A well-run school, for instance, surely relies on a power hierarchy; but the absolutes that accompany rank are absent. Juniors are free to question their superiors and push back on controversial decisions. Many items are brought to the vote of committees and informal groups, where give and take, compromise, and consensus rule the day.
But every organization must have some type of hierarchy in order to get things done. Well, maybe not. Malcolm Gladwell writes of Gore Industries (manufacturers of Gore-Tex) in his bestseller, The Tipping Point, that relatively small groups of employees get work done in a very efficient and effective way. There are no rank privileges, and bosses are not afforded any undue authority. Everyone works as a team, and they have a very successful business.
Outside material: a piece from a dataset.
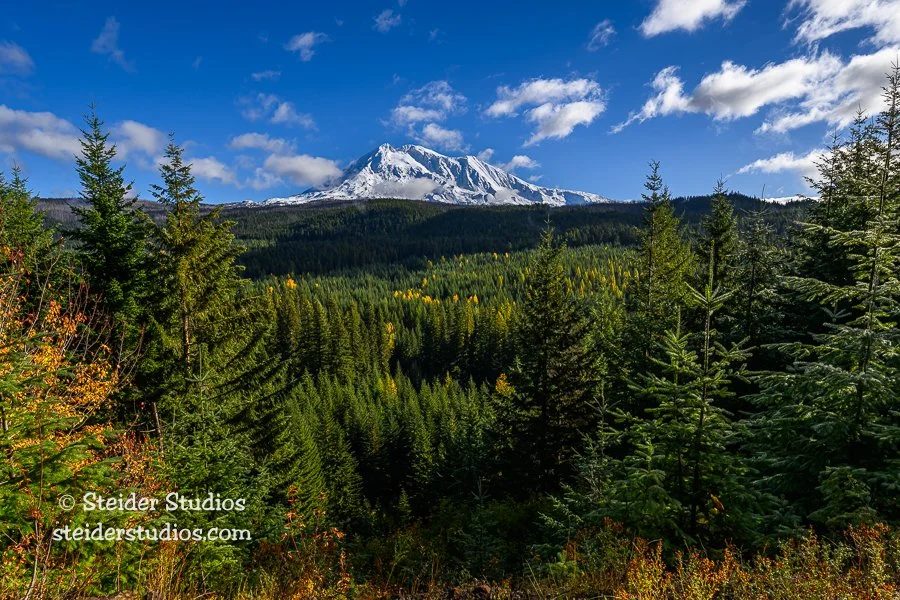Steider Studios.Mt Adams.10.12.23-3.jpg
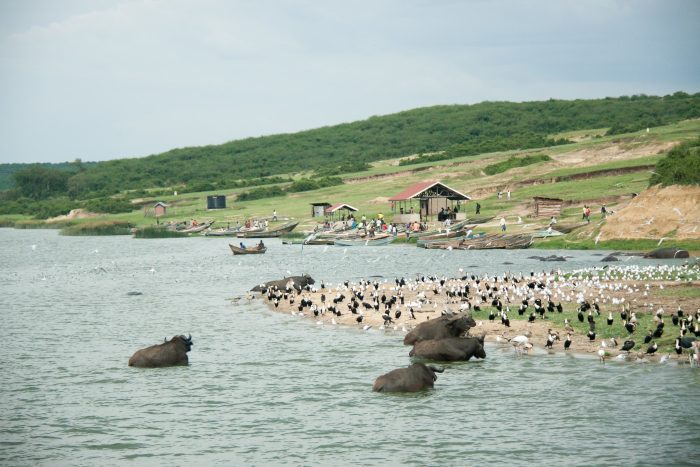 10 Day Uganda Safari, Wildlife and Nature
But in wartime, neither the taxpayer nor and the Soldier has the luxury of such cavalier associations, according to the rank theory. The risks are too great, one may argue, and the price for deliberation or indecision too high.
The fatal flaw in the argument is that it assumes a wartime posture. Fortunately, however, the United States military is rarely in a combat posture. For example, even during “wartime,” most Soldiers are in training or a readiness mode. Deployments take only a fraction of the professional Soldier’s obligation. Even when an element is deployed to a forward position, few of the Soldiers actually work in combat jobs. Out of all those, even fewer see battle.
Many who have been in forward deployments may debate this, but the fact of the matter is that out of all the man-hours available in the Army, very, very few are spent in scenarios in which split-second decisions mean life or death.
If that’s true, then wouldn’t an organizational model that encourages every worker to think through procedures and challenge bad decisions be better prepared for any situation, combat included? Just because things need to happen precisely in battle doesn’t mean that it can’t be well-thought and understood by everyone involved.
Besides, most military activities are not life-or-death situations. They are usually in preparation for a worst-case scenario, thus minimizing risk to the organization. What if the Army taught all Soldiers how to think and lead?
But thinking means questioning, and as a veritable aristocracy, the military elites would never allow for that sort of revolutionary change.
The modern American military is still very ancient in many ways. It’s rank structure, as we know it, is as old as nation-states themselves. Is it too radical to imagine a military in which rank is obsolete? Have we evolved enough to change our way of thinking?
I wonder if all the tasks the military has to accomplish could be better accomplished without the weight of rank bogging down decision-making. How many bad choices and policies could be avoided if underlings felt empowered to call it as they saw it? If more people questioned orders, and leaders anticipated questions, how much better would those orders be? If more could participate in the formulation of plans, how much more thorough would those plans be?
We have developed as a society in positive ways, tending toward democracy and active participation for all. We also have learned a lot about how humans think and what motivates them. Might it be time for the military to catch up?